Pencapaian setiap kompetensi tersebut
terkait erat dengan sistem pembelajaran. Dengan demikian komponen minimal
pembelajaran berbasis kompetensi adalah:
a. pemilihan
dan perumusan kompetensi yang tepat.
b. spesifikasi indikator penilaian untuk menentukan
pencapaian kompetensi.
c. pengembangan sistem penyampaian yang fungsional
dan relevan dengan kompetensi dan sistem penilaian.

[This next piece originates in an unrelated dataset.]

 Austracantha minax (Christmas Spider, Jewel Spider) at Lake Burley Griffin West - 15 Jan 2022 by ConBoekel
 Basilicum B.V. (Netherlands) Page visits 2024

Penerapan konsep dan prinsip pembelajaran berbasis kompetensi diharapkan
bermanfaat untuk:
1)
menghindari
duplikasi dalam pemberian materi pembelajaran yang disampaikan guru harus
benar-benar relevan dengan kompetensi yang ingin dicapai.
2)
mengupayakan
konsistensi kompetensi yang ingin dicapai dalam mengajarkan suatu mata
pelajaran. Dengan kompetensi yang telah ditentukan secara tertulis, siapa pun
yang mengajarkan mata pelajaran tertentu tidak akan bergeser atau menyimpang
dari kompetensi dan materi yang telah ditentukan.
3)
meningkatkan
pembelajaran sesuai dengan kebutuhan, kecepatan, dan kesempatan peserta didik.
4)
membantu
mempermudah pelaksanaan akreditasi. Pelaksanaan akreditasi akan lebih
dipermudah dengan menggunakan tolokukur SK.
5)
memperbarui
sistem evaluasi dan pelaporan hasil belajar peserta didik. Dalam pembelajaran
berbasis kompetensi, keberhasilan peserta didik diukur dan dilaporkan berdasar
pencapaian kompetensi atau subkompetensi tertentu, bukan didasarkan atas
perbandingan dengan hasil belajar peserta didik yang lain.
6)
memperjelas
komunikasi dengan peserta didik tentang tugas, kegiatan, atau pengalaman
belajar yang harus dilakukan dan cara yang digunakan untuk menentukan
keberhasilan belajarnya.
7)
meningkatkan
akuntabilitas publik. Kompetensi yang telah disusun, divalidasikan, dan
dikomunikasikan kepada publik, sehingga dapat digunakan untuk mempertanggungjawabkan
kegiatan pembelajaran kepada publik.
h. memperbaiki sistem sertifikasi. Dengan perumusan kompetensi yang lebih
spesifik dan terperinci, sekolah dapat mengeluarkan sertifikat atau transkrip
yang menyatakan jenis dan aspek kompetensi yang dicapai.